About this task:
Reproduce the entries below exactly, but only from the line containing "中国警察学院2019年录取分数线" to the line containing "Chemise hawaïenne Trafalgar", inclusive.

Dataset content START

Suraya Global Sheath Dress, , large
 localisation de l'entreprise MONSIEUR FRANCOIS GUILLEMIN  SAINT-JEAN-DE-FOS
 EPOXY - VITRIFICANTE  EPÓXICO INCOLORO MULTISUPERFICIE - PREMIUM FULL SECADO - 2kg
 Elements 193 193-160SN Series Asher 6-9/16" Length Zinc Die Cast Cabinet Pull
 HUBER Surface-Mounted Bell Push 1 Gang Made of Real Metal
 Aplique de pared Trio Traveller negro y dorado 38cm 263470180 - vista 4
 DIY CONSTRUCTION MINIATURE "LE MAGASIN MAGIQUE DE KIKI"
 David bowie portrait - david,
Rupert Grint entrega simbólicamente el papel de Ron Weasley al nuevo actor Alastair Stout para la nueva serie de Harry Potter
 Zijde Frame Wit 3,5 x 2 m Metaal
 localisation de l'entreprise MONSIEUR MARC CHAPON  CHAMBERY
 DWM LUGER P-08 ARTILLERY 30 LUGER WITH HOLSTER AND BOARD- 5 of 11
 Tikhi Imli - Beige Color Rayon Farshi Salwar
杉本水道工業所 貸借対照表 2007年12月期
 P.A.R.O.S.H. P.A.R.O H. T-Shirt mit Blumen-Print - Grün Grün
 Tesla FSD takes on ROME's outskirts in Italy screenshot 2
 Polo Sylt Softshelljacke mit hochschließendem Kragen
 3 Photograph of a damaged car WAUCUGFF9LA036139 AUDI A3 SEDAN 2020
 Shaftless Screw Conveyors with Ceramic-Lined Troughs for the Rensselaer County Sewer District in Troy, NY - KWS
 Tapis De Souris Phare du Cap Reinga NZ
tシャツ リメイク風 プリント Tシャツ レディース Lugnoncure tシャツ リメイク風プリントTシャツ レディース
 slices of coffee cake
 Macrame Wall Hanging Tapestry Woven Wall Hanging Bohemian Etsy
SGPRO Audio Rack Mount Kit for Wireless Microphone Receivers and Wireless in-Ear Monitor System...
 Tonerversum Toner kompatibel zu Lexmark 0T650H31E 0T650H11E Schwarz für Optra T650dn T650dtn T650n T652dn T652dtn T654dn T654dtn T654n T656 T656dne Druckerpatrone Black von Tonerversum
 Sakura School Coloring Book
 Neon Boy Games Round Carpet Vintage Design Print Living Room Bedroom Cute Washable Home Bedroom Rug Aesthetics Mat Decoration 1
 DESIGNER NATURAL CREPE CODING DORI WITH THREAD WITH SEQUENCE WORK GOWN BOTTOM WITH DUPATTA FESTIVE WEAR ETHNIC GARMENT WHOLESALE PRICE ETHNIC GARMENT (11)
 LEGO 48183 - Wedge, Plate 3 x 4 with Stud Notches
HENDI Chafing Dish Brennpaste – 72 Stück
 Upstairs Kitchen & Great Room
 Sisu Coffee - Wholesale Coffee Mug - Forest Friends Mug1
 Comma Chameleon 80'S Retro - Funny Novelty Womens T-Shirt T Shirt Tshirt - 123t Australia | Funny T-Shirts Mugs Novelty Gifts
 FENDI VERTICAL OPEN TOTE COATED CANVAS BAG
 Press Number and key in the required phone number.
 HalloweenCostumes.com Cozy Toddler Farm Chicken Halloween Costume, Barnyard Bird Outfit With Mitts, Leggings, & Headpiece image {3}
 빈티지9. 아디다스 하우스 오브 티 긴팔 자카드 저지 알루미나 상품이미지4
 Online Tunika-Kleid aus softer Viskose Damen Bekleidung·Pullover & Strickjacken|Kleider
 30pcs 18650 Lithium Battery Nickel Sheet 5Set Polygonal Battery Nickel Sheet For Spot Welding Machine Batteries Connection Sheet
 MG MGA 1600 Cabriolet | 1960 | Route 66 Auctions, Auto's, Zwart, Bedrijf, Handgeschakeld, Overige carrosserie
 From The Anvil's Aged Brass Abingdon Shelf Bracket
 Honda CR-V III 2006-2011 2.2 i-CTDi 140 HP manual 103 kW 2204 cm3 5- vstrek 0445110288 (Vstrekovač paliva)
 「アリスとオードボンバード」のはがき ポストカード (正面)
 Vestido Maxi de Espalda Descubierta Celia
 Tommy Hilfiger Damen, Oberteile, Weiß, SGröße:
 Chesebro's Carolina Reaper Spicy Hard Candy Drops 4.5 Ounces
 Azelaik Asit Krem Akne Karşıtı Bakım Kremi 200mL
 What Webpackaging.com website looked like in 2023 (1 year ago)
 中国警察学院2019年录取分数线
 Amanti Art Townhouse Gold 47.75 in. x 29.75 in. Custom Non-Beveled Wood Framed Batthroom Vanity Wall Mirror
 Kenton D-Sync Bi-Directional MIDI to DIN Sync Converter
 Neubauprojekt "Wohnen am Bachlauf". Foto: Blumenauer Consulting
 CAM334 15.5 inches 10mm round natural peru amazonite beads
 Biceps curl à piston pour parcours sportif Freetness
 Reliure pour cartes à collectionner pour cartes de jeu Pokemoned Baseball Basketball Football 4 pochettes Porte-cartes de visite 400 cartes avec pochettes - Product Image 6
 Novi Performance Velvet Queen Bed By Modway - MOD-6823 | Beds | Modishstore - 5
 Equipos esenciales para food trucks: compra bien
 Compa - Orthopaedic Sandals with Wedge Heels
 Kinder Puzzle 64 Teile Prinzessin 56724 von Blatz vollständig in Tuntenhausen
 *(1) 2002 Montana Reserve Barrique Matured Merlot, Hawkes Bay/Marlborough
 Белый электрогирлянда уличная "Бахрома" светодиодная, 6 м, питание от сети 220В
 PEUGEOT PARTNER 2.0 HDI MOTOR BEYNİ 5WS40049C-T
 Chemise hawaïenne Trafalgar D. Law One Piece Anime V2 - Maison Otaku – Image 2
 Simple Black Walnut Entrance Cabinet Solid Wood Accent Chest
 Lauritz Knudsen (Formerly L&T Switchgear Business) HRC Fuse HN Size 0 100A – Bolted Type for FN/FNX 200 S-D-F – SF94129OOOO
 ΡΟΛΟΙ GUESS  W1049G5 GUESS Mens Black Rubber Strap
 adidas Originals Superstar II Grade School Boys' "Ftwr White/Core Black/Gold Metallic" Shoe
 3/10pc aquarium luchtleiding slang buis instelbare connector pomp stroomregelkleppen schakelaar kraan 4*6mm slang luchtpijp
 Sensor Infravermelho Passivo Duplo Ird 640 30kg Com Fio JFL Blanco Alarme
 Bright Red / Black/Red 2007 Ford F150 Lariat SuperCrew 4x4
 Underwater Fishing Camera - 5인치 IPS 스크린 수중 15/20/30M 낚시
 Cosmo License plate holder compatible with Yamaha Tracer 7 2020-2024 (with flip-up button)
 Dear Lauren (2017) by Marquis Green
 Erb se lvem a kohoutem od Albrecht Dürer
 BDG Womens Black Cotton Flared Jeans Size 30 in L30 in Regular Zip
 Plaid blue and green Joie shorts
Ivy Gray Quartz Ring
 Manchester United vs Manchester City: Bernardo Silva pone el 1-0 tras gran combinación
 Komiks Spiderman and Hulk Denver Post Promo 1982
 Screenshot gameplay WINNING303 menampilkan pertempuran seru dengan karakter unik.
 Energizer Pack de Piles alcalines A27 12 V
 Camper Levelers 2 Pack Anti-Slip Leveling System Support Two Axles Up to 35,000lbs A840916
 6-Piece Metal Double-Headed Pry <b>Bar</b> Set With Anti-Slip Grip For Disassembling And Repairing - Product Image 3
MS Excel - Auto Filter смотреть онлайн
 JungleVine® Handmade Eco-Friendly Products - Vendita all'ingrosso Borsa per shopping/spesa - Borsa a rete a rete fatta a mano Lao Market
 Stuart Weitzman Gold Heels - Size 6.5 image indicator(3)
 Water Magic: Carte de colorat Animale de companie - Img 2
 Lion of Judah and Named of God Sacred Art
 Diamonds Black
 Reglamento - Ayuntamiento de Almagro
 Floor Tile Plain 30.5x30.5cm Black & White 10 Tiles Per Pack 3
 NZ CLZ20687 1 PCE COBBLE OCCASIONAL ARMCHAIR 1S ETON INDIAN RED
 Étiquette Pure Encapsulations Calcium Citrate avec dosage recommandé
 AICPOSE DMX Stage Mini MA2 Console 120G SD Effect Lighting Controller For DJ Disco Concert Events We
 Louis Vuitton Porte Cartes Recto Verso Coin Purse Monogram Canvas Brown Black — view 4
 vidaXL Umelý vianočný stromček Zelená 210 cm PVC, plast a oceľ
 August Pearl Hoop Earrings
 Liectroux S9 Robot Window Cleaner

Dataset content END

Task response:
 中国警察学院2019年录取分数线
 Amanti Art Townhouse Gold 47.75 in. x 29.75 in. Custom Non-Beveled Wood Framed Batthroom Vanity Wall Mirror
 Kenton D-Sync Bi-Directional MIDI to DIN Sync Converter
 Neubauprojekt "Wohnen am Bachlauf". Foto: Blumenauer Consulting
 CAM334 15.5 inches 10mm round natural peru amazonite beads
 Biceps curl à piston pour parcours sportif Freetness
 Reliure pour cartes à collectionner pour cartes de jeu Pokemoned Baseball Basketball Football 4 pochettes Porte-cartes de visite 400 cartes avec pochettes - Product Image 6
 Novi Performance Velvet Queen Bed By Modway - MOD-6823 | Beds | Modishstore - 5
 Equipos esenciales para food trucks: compra bien
 Compa - Orthopaedic Sandals with Wedge Heels
 Kinder Puzzle 64 Teile Prinzessin 56724 von Blatz vollständig in Tuntenhausen
 *(1) 2002 Montana Reserve Barrique Matured Merlot, Hawkes Bay/Marlborough
 Белый электрогирлянда уличная "Бахрома" светодиодная, 6 м, питание от сети 220В
 PEUGEOT PARTNER 2.0 HDI MOTOR BEYNİ 5WS40049C-T
 Chemise hawaïenne Trafalgar D. Law One Piece Anime V2 - Maison Otaku – Image 2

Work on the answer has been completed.